──────── Data in this exercise
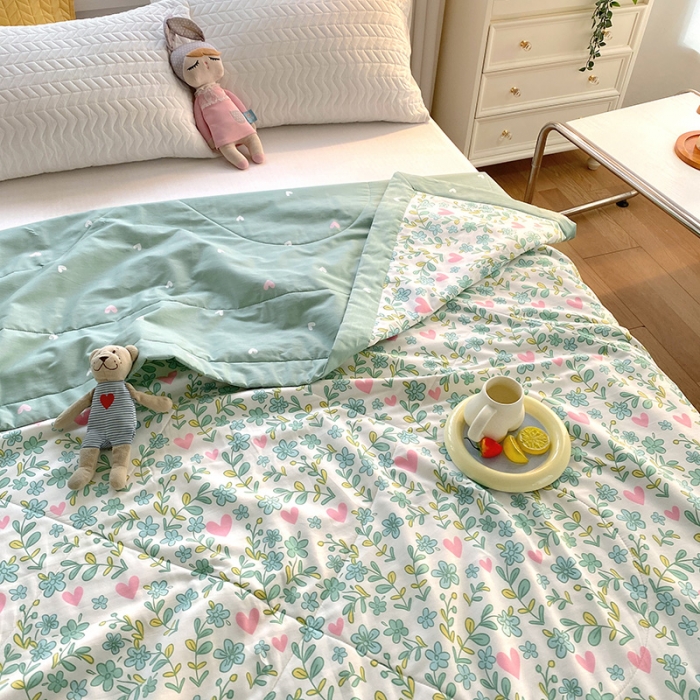 91家纺网 家纺一手货源 找家纺 眠优居 2023新款全棉棉花印花夏被 心动甜心-绿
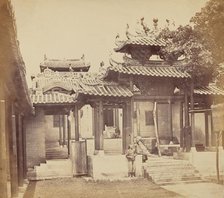 Entrance to the Five Genii Temple, Canton, April 1860, 1860. Creator: Felice Beato.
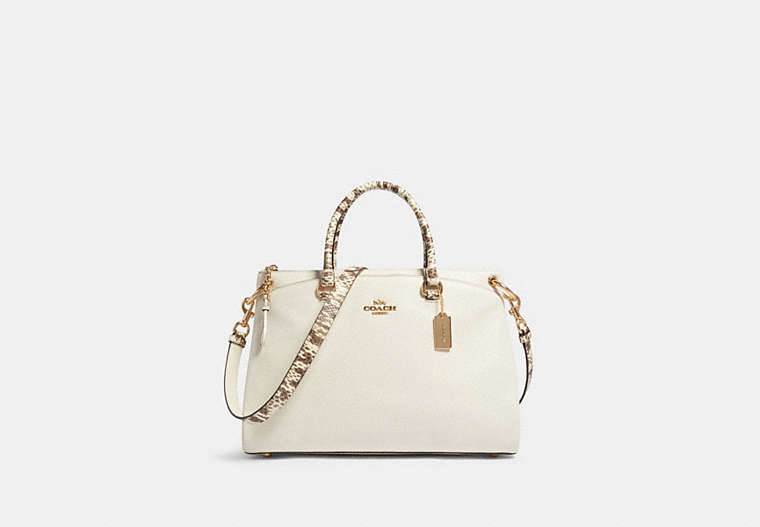 COACH®,MIA SATCHEL,Leather,Large,Gold/Chalk,Front View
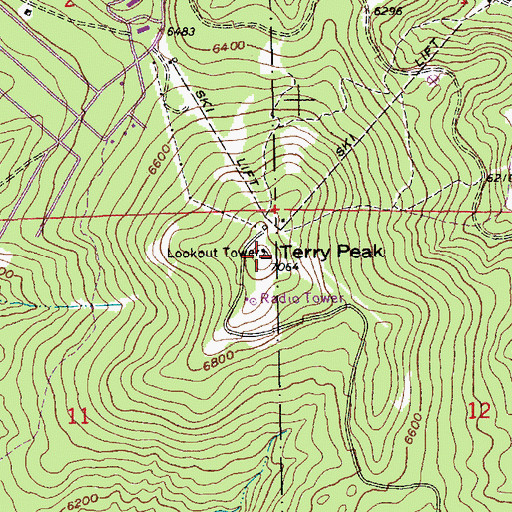 Topographic Map of Terry Peak, SD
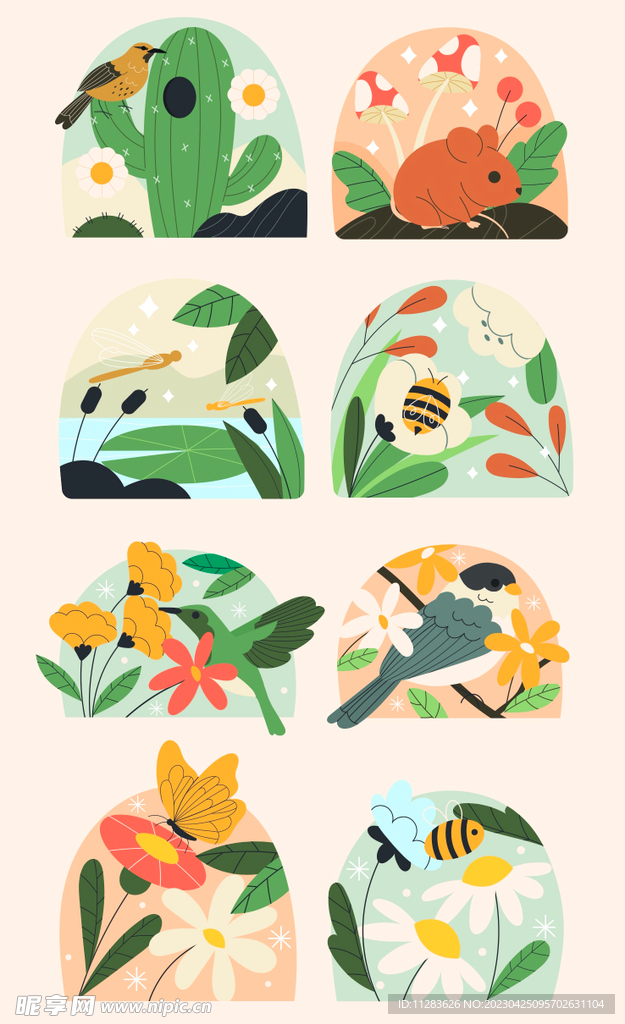 卡通花鸟插画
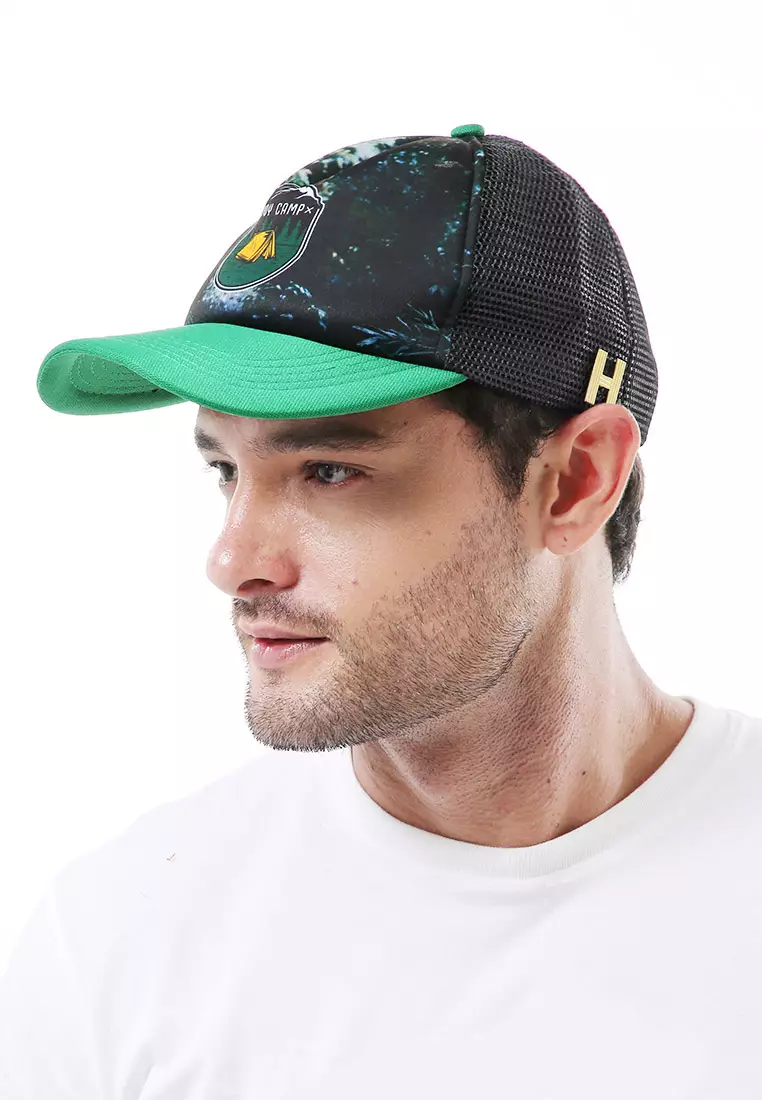 Jahari Topi Baseball Pria Wanita Adjustable Strap Trucker Caps Desain Jaring Pecinta Alam Material Polyester ORIGINAL - Green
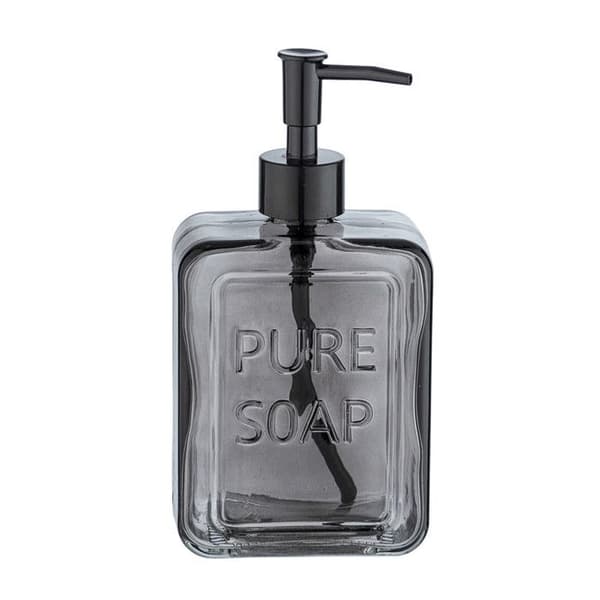 WENKO Dispenser för flytande tvål "Pure Soap", Kapacitet 550 ml, dispenser för flytande tvål, 9,5x20x6 cm, grå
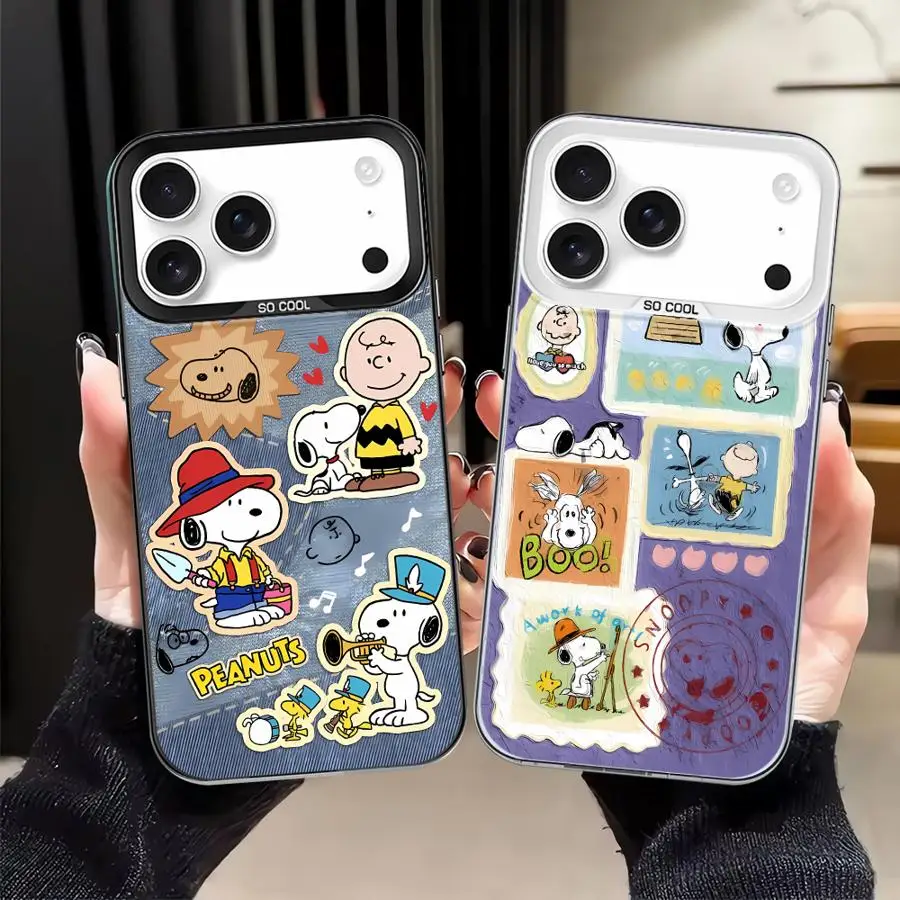 Funda para iPhone 17Air XS 16e 13 14 16 17 Pro Max 15 Plus 12 11 XR Funda trasera para teléfono Linda S-S-noopyS Dibujos animados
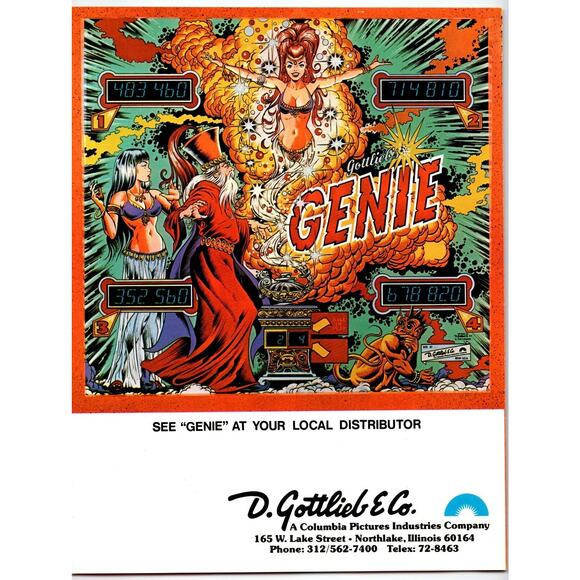 Genie Pinball FLYER Original 1979 Arabian Magic Sexy Lady Vintage Retro Fantasy - Picture 2 of 3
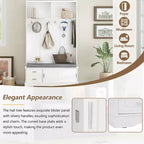 Okak Elegant Mobile Guardaroba con Ante Scorrevoli e 6 Ganci Argentati, Appendiabiti con Panca Imbottita e Scarpiera per Ingresso, Soggiorno, Bianco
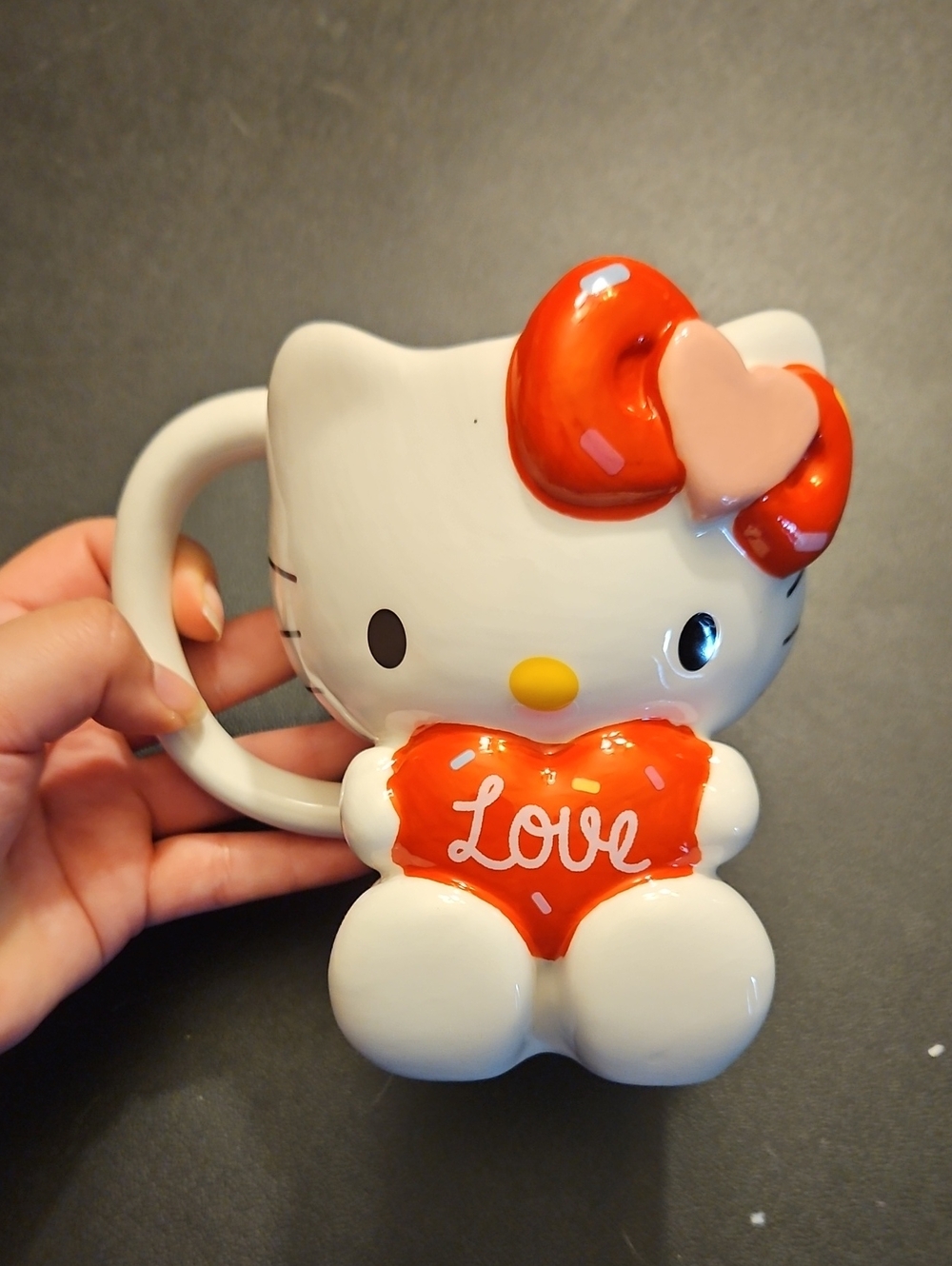 Hello Kitty Red and Pink Heart 'Love' Ceramic Mug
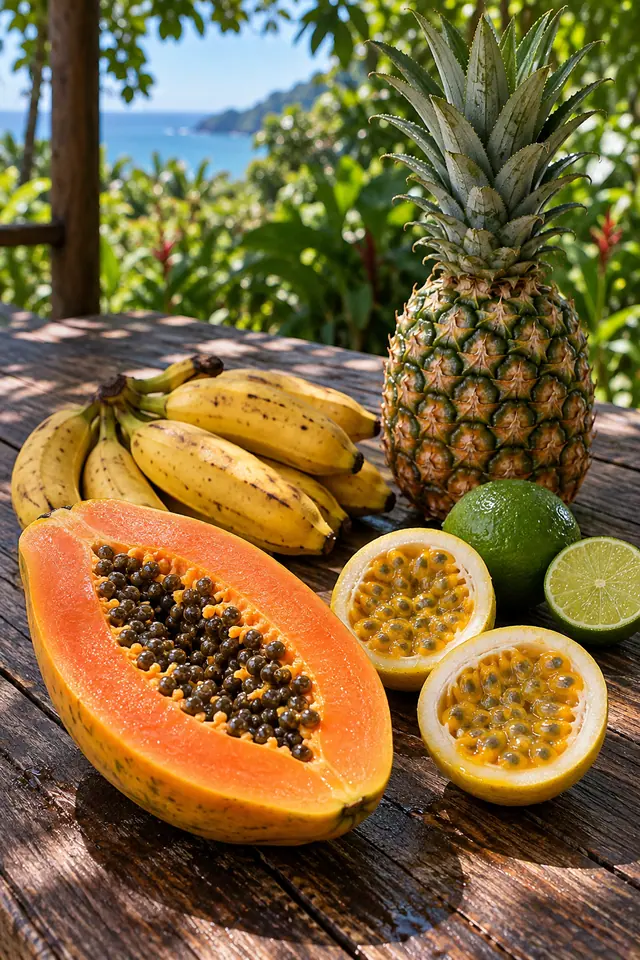 Mamão, maracujás, bananas, limões e abacaxi sobre mesa de madeira, com vegetação e mar ao fundo.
────────────────
§ **Your instructions**:
The lines from the one containing "WENKO Dispenser för" to the final line of the material, both ends included, should be retyped exactly and alone, with no pictures.

§ **Response to this task**:
 WENKO Dispenser för flytande tvål "Pure Soap", Kapacitet 550 ml, dispenser för flytande tvål, 9,5x20x6 cm, grå
 Funda para iPhone 17Air XS 16e 13 14 16 17 Pro Max 15 Plus 12 11 XR Funda trasera para teléfono Linda S-S-noopyS Dibujos animados
 Genie Pinball FLYER Original 1979 Arabian Magic Sexy Lady Vintage Retro Fantasy - Picture 2 of 3
 Okak Elegant Mobile Guardaroba con Ante Scorrevoli e 6 Ganci Argentati, Appendiabiti con Panca Imbottita e Scarpiera per Ingresso, Soggiorno, Bianco
 Hello Kitty Red and Pink Heart 'Love' Ceramic Mug
 Mamão, maracujás, bananas, limões e abacaxi sobre mesa de madeira, com vegetação e mar ao fundo.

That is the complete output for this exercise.